Stored data entries:
↓

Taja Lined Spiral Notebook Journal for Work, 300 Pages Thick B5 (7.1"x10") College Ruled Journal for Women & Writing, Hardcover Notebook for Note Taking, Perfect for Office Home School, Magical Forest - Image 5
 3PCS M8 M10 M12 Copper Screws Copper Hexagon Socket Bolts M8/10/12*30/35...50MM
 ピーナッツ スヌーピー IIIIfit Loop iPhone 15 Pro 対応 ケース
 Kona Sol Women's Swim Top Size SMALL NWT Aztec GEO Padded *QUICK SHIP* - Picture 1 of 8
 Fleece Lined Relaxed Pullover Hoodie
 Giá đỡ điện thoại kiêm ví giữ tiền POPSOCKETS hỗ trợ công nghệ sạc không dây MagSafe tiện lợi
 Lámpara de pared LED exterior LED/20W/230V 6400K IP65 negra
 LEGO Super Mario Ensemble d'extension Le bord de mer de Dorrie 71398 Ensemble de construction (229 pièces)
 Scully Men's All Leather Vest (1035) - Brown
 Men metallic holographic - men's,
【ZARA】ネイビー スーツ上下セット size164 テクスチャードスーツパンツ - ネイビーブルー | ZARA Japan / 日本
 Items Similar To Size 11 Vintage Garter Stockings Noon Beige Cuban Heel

↑

Retype exactly the lines of the data above that fall between the line with "3PCS M8 M10" and the line with "Giá đỡ điện", inclusive, and add nothing.

 3PCS M8 M10 M12 Copper Screws Copper Hexagon Socket Bolts M8/10/12*30/35...50MM
 ピーナッツ スヌーピー IIIIfit Loop iPhone 15 Pro 対応 ケース
 Kona Sol Women's Swim Top Size SMALL NWT Aztec GEO Padded *QUICK SHIP* - Picture 1 of 8
 Fleece Lined Relaxed Pullover Hoodie
 Giá đỡ điện thoại kiêm ví giữ tiền POPSOCKETS hỗ trợ công nghệ sạc không dây MagSafe tiện lợi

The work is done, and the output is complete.